As hackers become more sophisticated, the top IT officer at the Department of Homeland Security says he needs better mobile security features compared to other U.S. government agencies.
The Department of Homeland Security “really operates differently than [the Department of Defense]. We are a very mobile organization, so my attack vectors are out there,” said John Zangardi during the Billington Cybersecurity summit Sept. 7. “We are out there on our mobile devices all day long, and that’s not the case with DoD.”
Zangardi would know. He previously served as the Pentagon’s acting chief information officer from October 2016 to November 2017.
In the 2017 Homeland Security industry guide, which lays out the department’s investment opportunities, the agency said it was looking to secure communication systems and monitor cyberthreats in mobile devices. Homeland Security has also invested in research to ensure Android phones are secure and is planning to study end-to-end cellphone call encryption.

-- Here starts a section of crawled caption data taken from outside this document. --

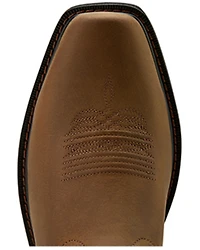 Ariat Men's Ironside Work Boots - Steel Toe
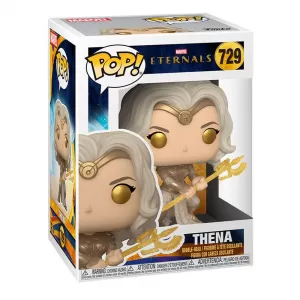 Funko Pop! Marvel: Eternals Thena #729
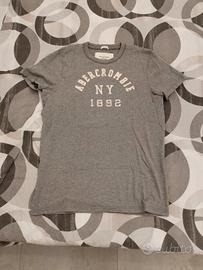 t shirt Abercrombie muscle 
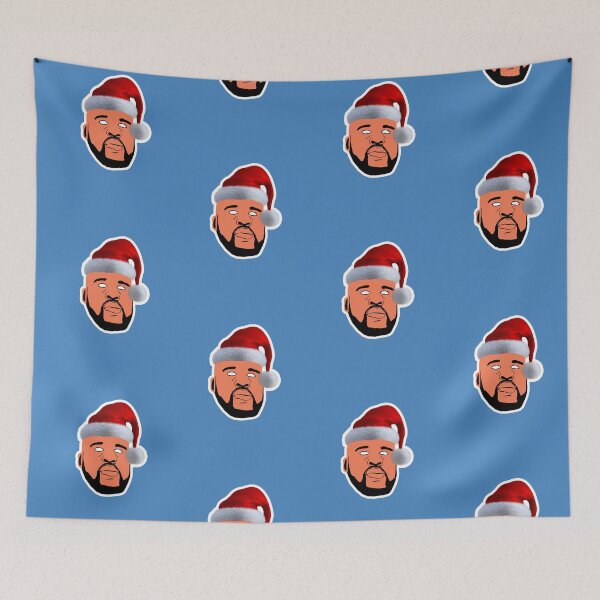 Item preview, Shaquille Christmas Gift designed and sold by ZooStateofMind.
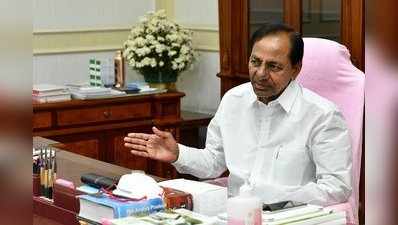 TS Cabinet భేటీ ప్రారంభం.. ఈ అంశాలపై ఉత్కంఠ!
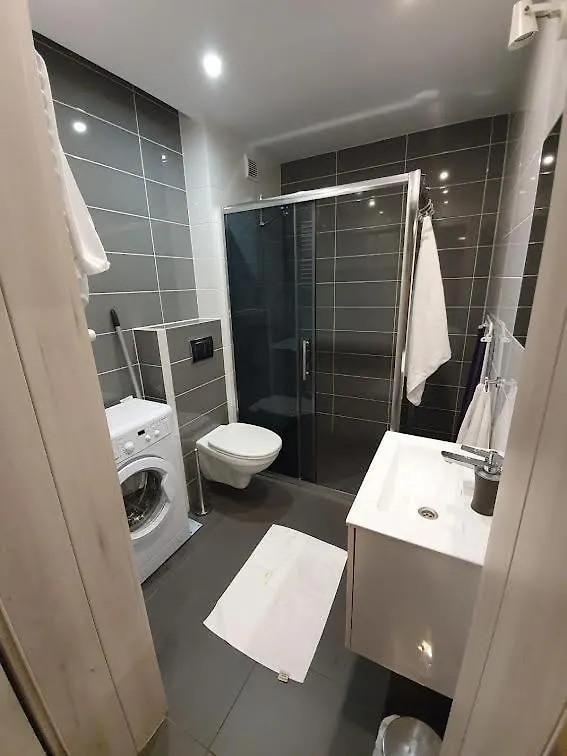 Trevilles Apartamenty - Forest Hill Schreiberhau Apartment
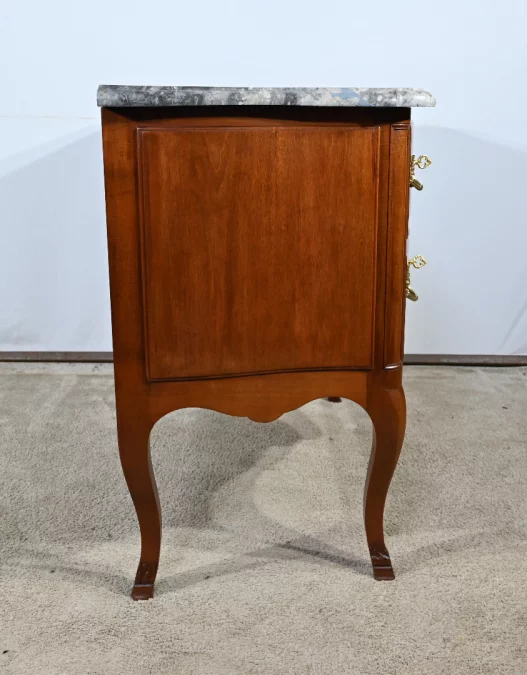 KOMMODE IM LOUIS XV-STIL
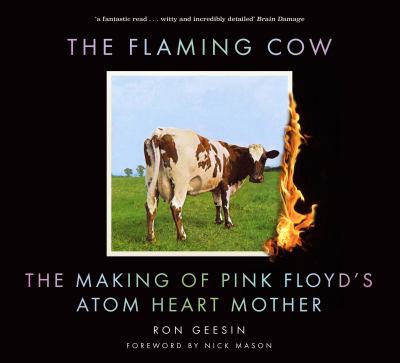 Cover for Flaming CowThe Flaming Cow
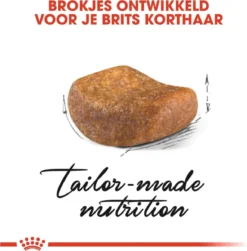 Royal Canin British Shorthair Adult - Kattenvoer - 4 Kg 13 Royal Canin British Shorthair Adult - Kattenvoer - 4 Kg -Merkloos Verkoop 1179x1200 21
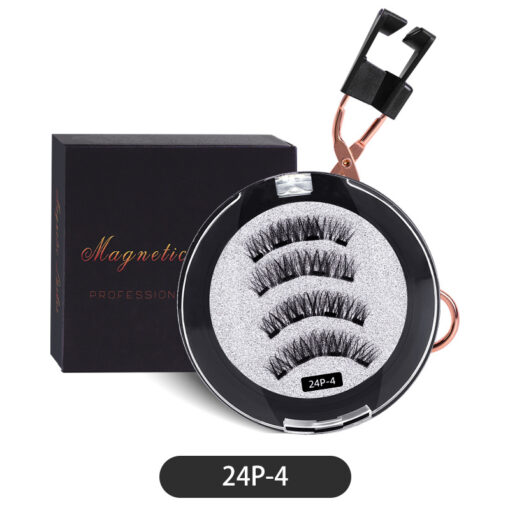 Reusable Magnetic Eyelashes - Image 12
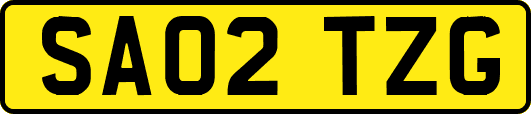 SA02TZG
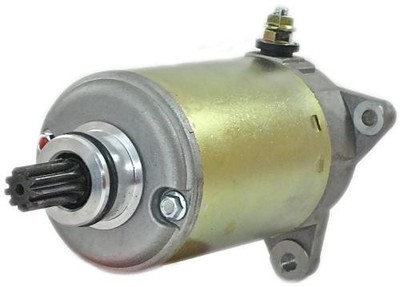 Snowmobile Starter Lynx Yeti V-800 Pro Adventure Ranger 4-TEC 420-684-562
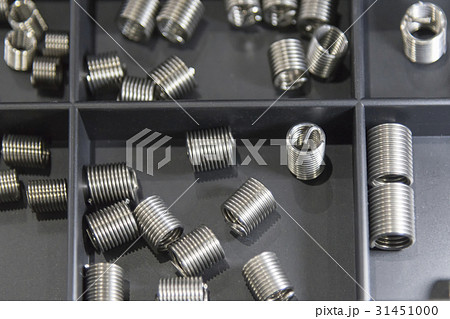 The recoil spare part for tapping repair kit  31451000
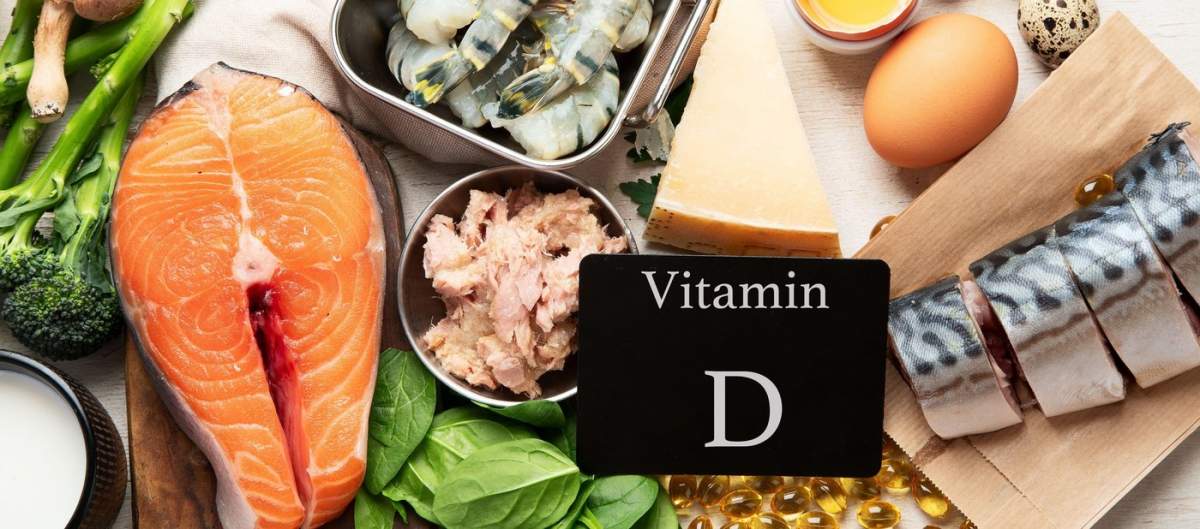 vitamina D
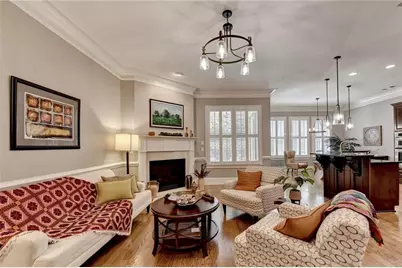 7472 Portbury Park Lane, Suwanee, GA 30024 - Photo 8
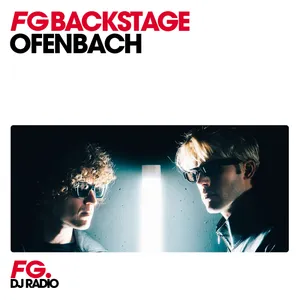 HAPPY HOUR FG AVEC ANTOINE BADUEL. L'INTERVIEW : OFENBACH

Zangardi said the IT industry is going through an “inflection point” that is being driven by a faster rate of innovation, bolstered digital threats from nation-states and a greater demand for consumer expectations.
Amid the shifting digital environment, Zangardi laid out a set of priorities that expanded on his call for greater mobile security. He said the agency was “increasingly moving up to the cloud,” which “raises questions about how do I secure connections.”
He also said that the flurry of mergers and acquisitions mean that the department has focused more attention on supply chain risks. As a result, Zangardi said he must “have more and more assurances that the right risk management posture is in place.”
Still, the department says it has been successful in stopping email-based hacking attempts. Zangardi said the department received more than 30 million emails from December 2017 to May 2018. Roughly 1,200 emails made their way past the agency’s spam folders, and 10 users clicked on the malicious links. But because of other defenses, no users were confirmed to have been compromised.